Question:

How can I calculate the total duration of overlapping periods (e.g. of a specific error category)?

How can I deal with multiple categories if I want to count overlapping periods only for the category with higher priority?


Solution:

Below you can find 3 functions which allow to calculate these things.
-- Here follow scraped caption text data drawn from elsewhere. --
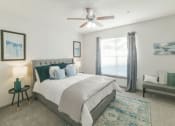Thumbnail 10 of 27 - a bedroom with a bed and a ceiling fan at The Shallowford, Chattanooga, Tennessee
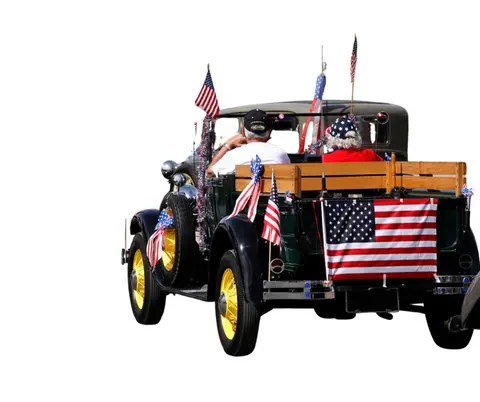 A vintage truck decorated with American flags is driven by two people.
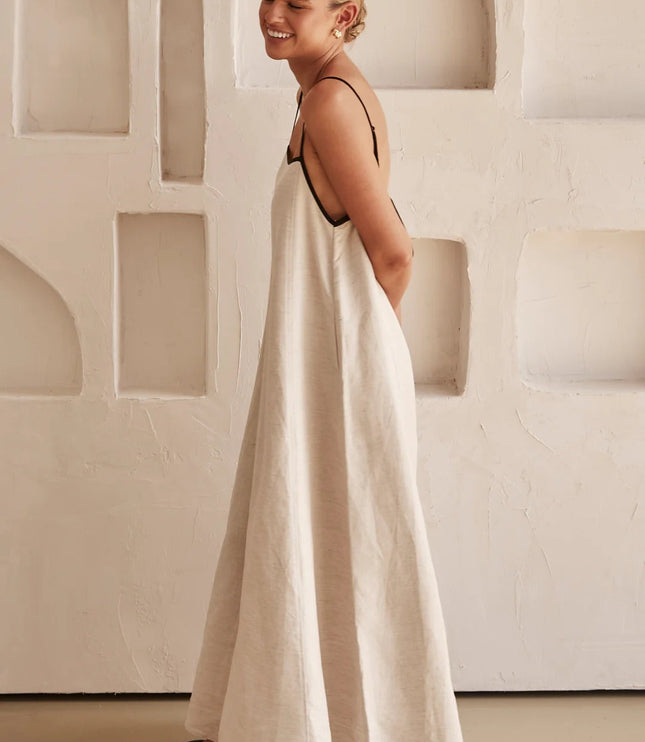 Side view of cream maxi dress showing relaxed drape and open back detail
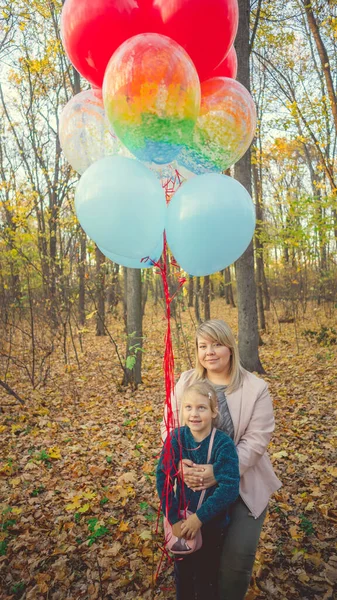Eine schöne junge Mutter umarmt ihre kleine entzückende Tochter und hält die bunten Luftballons auf einem Wandspaziergang im herbstlichen Wald. — Stockfoto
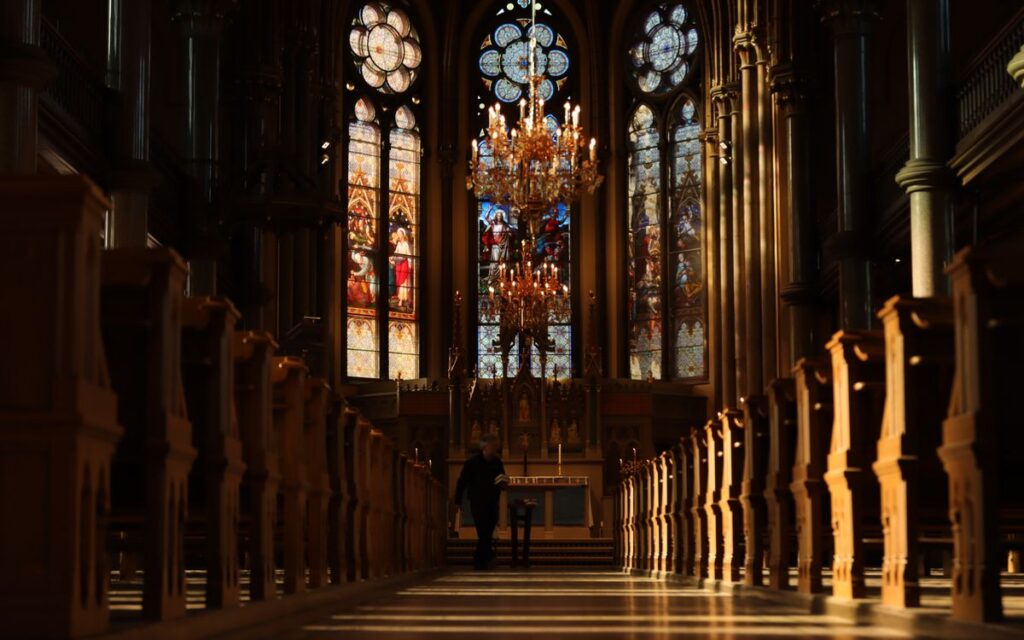 Beautiful church interior in Norrköping, Sweden featuring stained glass windows and ornate chandeliers.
To use them just load the the required dplyr package with "library(dplyr)". Copy and paste the functions you want to use at the top of your script (this is import!) and you are ready to use them in your script.


Script:

# -----------------------------------
# Function name:    unifyOverlappingPeriods    
# Inputs:           df ... data frame with the period data given by the start DateTime and stop DateTime given in the variables start and stop as Unix Time stamp
# Outputs:          data frame with the variables indx, start and stop which represent the unified time periods of the input data frame df
# Description:      This function summarizes all overlapping periods and returns the non-overlapping periods included in the data frame df
# -----------------------------------
unifyOverlappingPeriods <- function( df ){
    df %>%
        arrange( start ) %>%
        mutate( indx = c(0, cumsum( as.numeric(lead(start)) > cummax(as.numeric(stop)) )[-n()]) ) %>%
        group_by(indx) %>%
        summarise(start = min(start), stop = max(stop))
}

# -----------------------------------
# Function name:    sumUnifiedPeriods     
# Inputs:           df ... data frame with the period data given by the start DateTime and stop DateTime given in the variables start and stop as Unix Time stamp         
# Outputs:          sum of all periods with all overlappings counted only once given in milliseconds
# Description:      This function unifies all periods given in the input data frame and returns the total duration in milliseconds of the non-overlapping/unified periods given 
# -----------------------------------
# Calculate sum of non-overlapping time period in ms
sumUnifiedPeriods <- function( df ){
    if ( nrow(df) > 0)
    {
        df_unified <- df %>%
                        unifyOverlappingPeriods()
        
        return(sum( df_unified$stop - df_unified$start ))
    }
    else
    {
        return(0)
    }
}

# -----------------------------------
# Function name:    sumPeriodsNonOverlappingWithHigherPrio
# Inputs:           df_highPrio ... data frame of the events of high priority. data given by start DateTime and stop DateTime given in the variables start and stop as Unix Time stamp
#                   df_lowPrio ... data frame of the events of low priority. data given by start DateTime and stop DateTime given in the variables start and stop as Unix Time stamp
# Outputs:          sum of unified low priority periods non-overlapping with any high priority event
# Description:      This functions returns the sum of the unified/non-overlapping periods of the low priority event given in df_lowPrio excluding the duration overlapping with any higher priority event given in df_highPrio
# -----------------------------------
sumPeriodsNonOverlappingWithHigherPrio <- function( df_highPrio, df_lowPrio ){
  sum_df_highPrio <- sumUnifiedPeriods(df_highPrio)
  
  sum_df_unified <- bind_rows(df_highPrio, df_lowPrio) %>%
          sumUnifiedPeriods()
  
    sum_df_lowPrio = sum_df_unified - sum_df_highPrio
}